| ASSIGNED TASK |
Your output consists solely of the lines from the one that contains "ikinci el soyducular: İşlənmiş" to the end of the material, each reproduced exactly; pictures do not belong in it.

| DATASET SECTION |
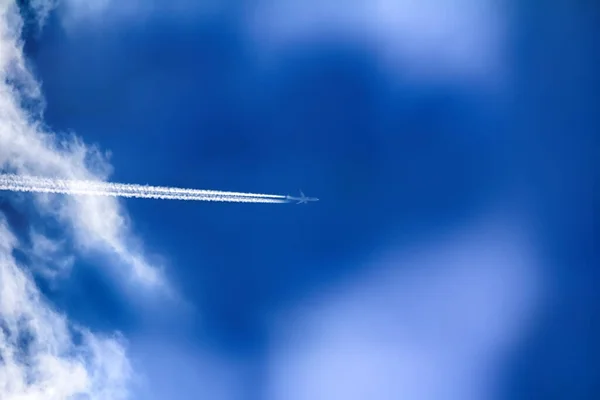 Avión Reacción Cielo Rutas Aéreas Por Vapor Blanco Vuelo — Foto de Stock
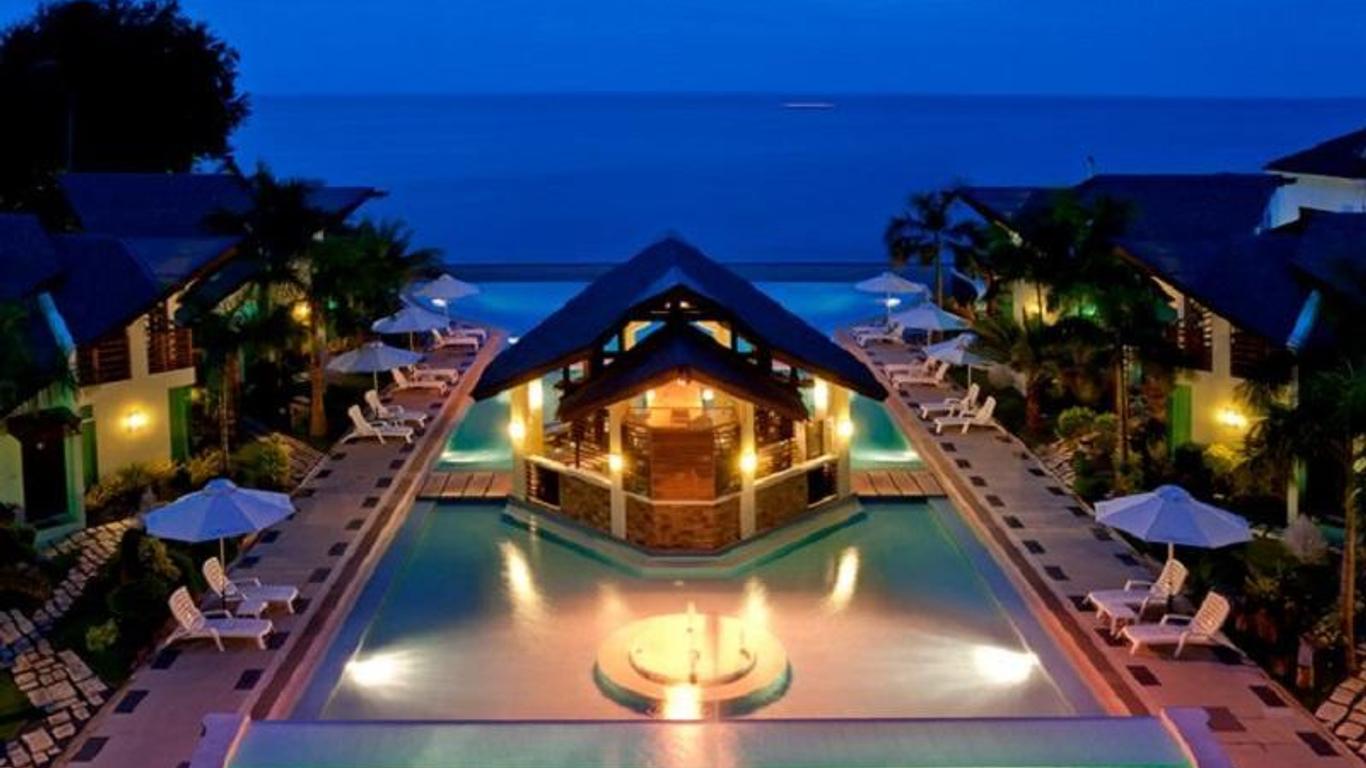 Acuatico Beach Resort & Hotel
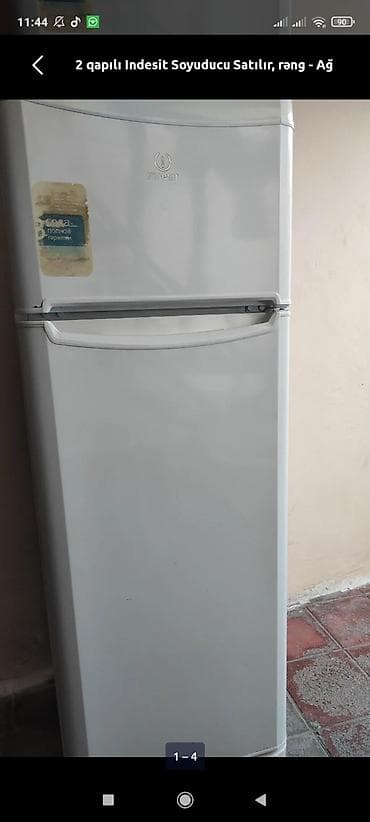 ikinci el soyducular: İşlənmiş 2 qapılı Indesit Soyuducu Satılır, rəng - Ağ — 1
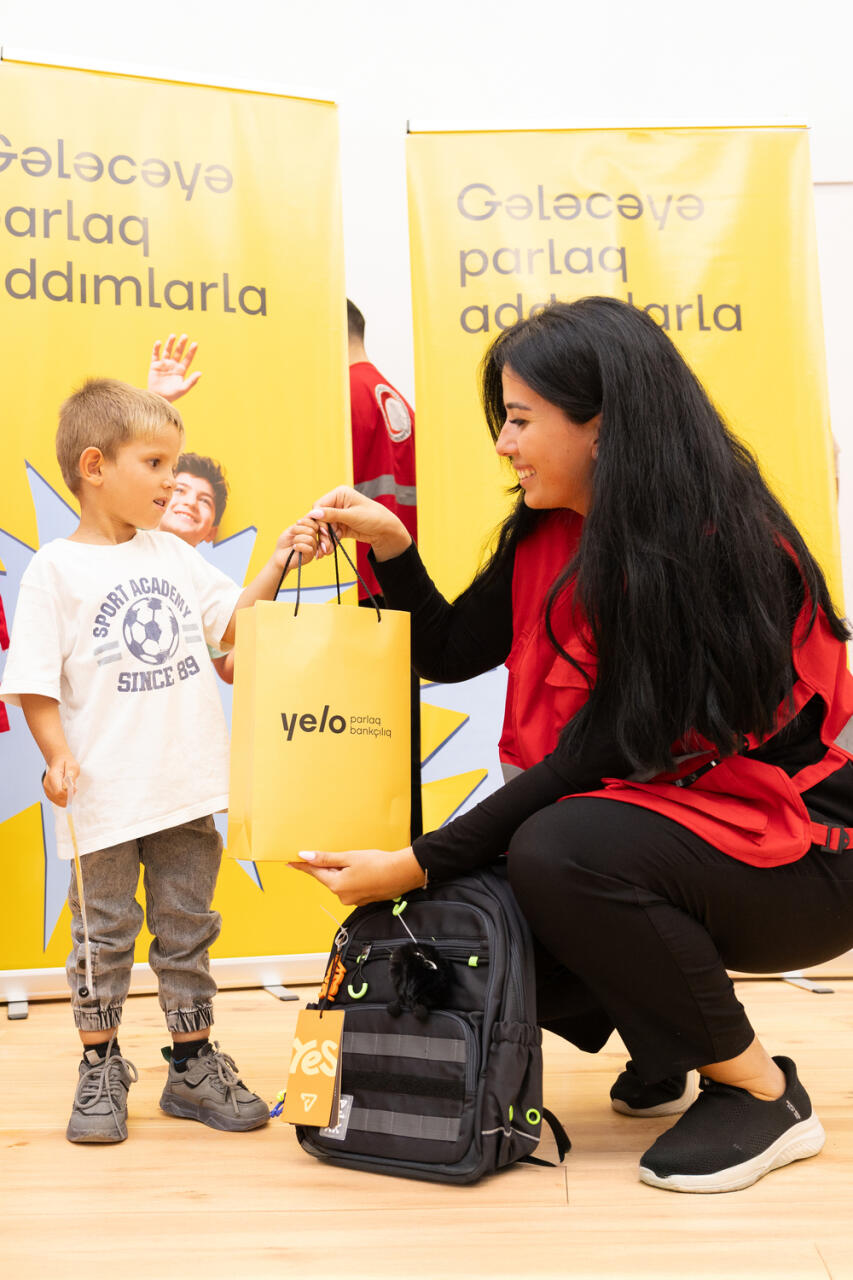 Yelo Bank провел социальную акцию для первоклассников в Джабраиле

| ANSWER SECTION |
 ikinci el soyducular: İşlənmiş 2 qapılı Indesit Soyuducu Satılır, rəng - Ağ — 1
 Yelo Bank провел социальную акцию для первоклассников в Джабраиле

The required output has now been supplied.